Aunt Jinny returned and handed Val the shovel. “Go with him.”
“I’m not watching my brother go number two!”
“I didn’t say ‘watch him,’ but you can tap with this while he does his business.”
Val sighed heavily, grabbed the shovel and pushed me in front of her as we crept hesitantly into the woods.
As someone who locked the bathroom door at home just to wash my face, this was mortifying. Fortunately, Val was too busy slamming the handle against the ground, as though she were beating out some Indian-style Morse code, to notice what I was up to.
“Look for an escape route,” she whispered.
“But we can’t just run away.” I paused. “Can we?”

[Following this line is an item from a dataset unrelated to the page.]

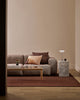 Baya Cortile lumbar cushion in Multi styled in a living room on a grey sofa, with a marble side table, table lamp and terracotta rug.
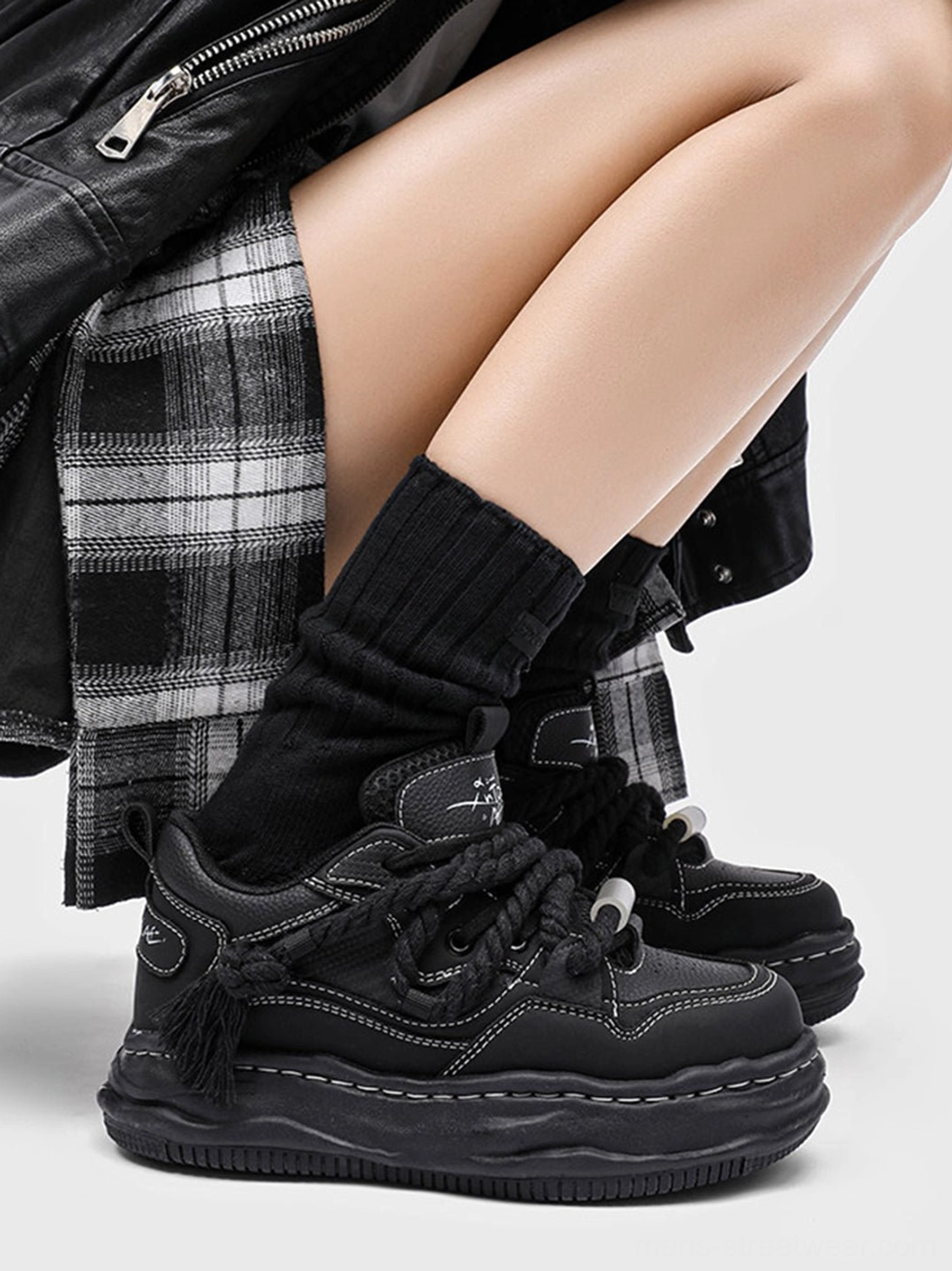 Close-up of black wavy platform sneakers worn with black crew socks and layered plaid and leather streetwear, showing the heel tassel and thick sole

“If we can make it to the main road before dark, we have a chance,” she replied. “Some nice trucker will take pity on us, and we can probably make it home in time for
Mary Tyler Moore
.”
AUNT JINNY rose the next morning at six, banging dishes as she made coffee in a dented tin pot. “Who wants pancakes?” she hollered.
Val and I awoke with a start, suddenly aware that we had made it through our first night.
We smiled sheepishly at each other. What had we been so worried about? We slept like logs, we’d both finally managed to go in the woods. A profound sense of pride filled me as I realized that, although nature had not bent to my will, I had found the power to rise to the occasion and magically withstand such extreme conditions.
The day had dawned sunny and warm once again. After taking turns bathing in the river, we devoured Aunt Jinny’s delicious breakfast of eggs and canned corned beef hash, chatting up a storm. Maybe this camping thing wasn’t so unbearable after all.
“Let’s hightail it down to the lake,” Aunt Jinny said as she collected the paper plates, “so we can get an early start on our fishing.”
Val glanced at me. “Fishing?”
Aunt Jinny walked over to the car and loosened the knot on the rope holding the trunk of the Plymouth closed. She yanked out two fishing rods and a plastic tub labeled “bait.” “You’ve never been fishing?”
“No,” Val replied in her most sincere tone, “and that’s kinda on purpose.”
“Well, today, on purpose, we’re gonna catch lunch. It’ll be fun.”
What little fish I had had at the age of ten had primarily come in a can, so the notion of eating something that had, moments before, been an unsuspecting resident of the lake seemed not only disgusting but a tad barbaric.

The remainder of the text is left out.